I started the sleeve of the Russian Prime. In that photo, the chest portion is on the left, and the sleeve has been picked up and is being knit down to the wrist, on the right. Remember when I said stranded knitting is square? (The row gauge and stitch gauge are the same.) Here's your proof. The sleeve stitches are picked up in pattern, and then you rotate the chart ninety degrees and off you go, knitting in another direction. This is an excellent way to hide the unflattering shoulder lines on most drop-shoulder sweaters. And it looks really freaking cool, if I do say so myself. Picking up the stitches in pattern isn't difficult, just a little tedious. It took me twenty minutes or so. Once you find your place in the pattern, it's plain old stranded stitch from there on out.

I also finished up the hibiscus dye job. Yes, it really did take a week; each skein did three or four days in the pot.

On the left is the skein that came out first; the colors look right on my monitor, it's a nice mauve. On the right is the one that came out second, a rather ordinary but okay brown color. Having discussed this with a chemistry-geek friend, we suspect one of two things happened: either the purple colorants in the flowers (anthocyanins) broke down to brown with all the heat, or else there really are two types of colorant in there, and the first dye job removed the purple (safflower does that - you can get yellow and pink dye out of it). We're leaning toward the heat destruction: it's exactly the same thing that happens when you overcook red cabbage and it turns that disgusting brown color. At least this brown is kind of nice.

Then, when I was plying the blue wool, I had a little left over on one bobbin (don't you HATE when that happens?) and I figured, what the hell, I'd give chain-plying another try. It went a lot better, now that I have a clue and started with a single that wasn't overspun. I still need more practice, but this is something you could actually use, unlike the last attempt.

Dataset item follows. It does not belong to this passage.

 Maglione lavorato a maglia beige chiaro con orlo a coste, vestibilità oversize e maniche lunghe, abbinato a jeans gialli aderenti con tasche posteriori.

At the moment, I feel terribly clever. But I'm attempting to dye some silk as I type, and I have a bad feeling that project will go south and put my ego back where it belongs.


Anonymous said...

yay, Russian Prime! It's gorgeous. I love the dyed yarns, too. You're on the move, lady!


Amy Lane said...

Between the Russian Prime and the hibiscus dye, I think, indeed, your mojo was back! (Hey--don't knock the plain brown... I saw a colorway from STR called 'Blech'--it looked like dye-barf leftover from all the other dyes. Apparently, it's one of their biggest sellers...)

Alacaeriel said...

Nicely done on the return of the mojo!

Roxie said...

The Russian Prime is stunning! Bravo! And hail the returning mojo!

I am at an age when my rods and cones are burning out, and subtle, muted colors just don't excite me anymore. I am probably a very few years away from orange and purple and chartreuse faire isles. Hooray for your foray into natural dyes and hooray, too, for those nice bright synthetics.

kerri said...

Had to delurk to say your Russian Prime is coming along beautifully. The pick-up for the sleeve looks great. Yay to the returning mojo! It must be that time of year. Keep up the awesome work!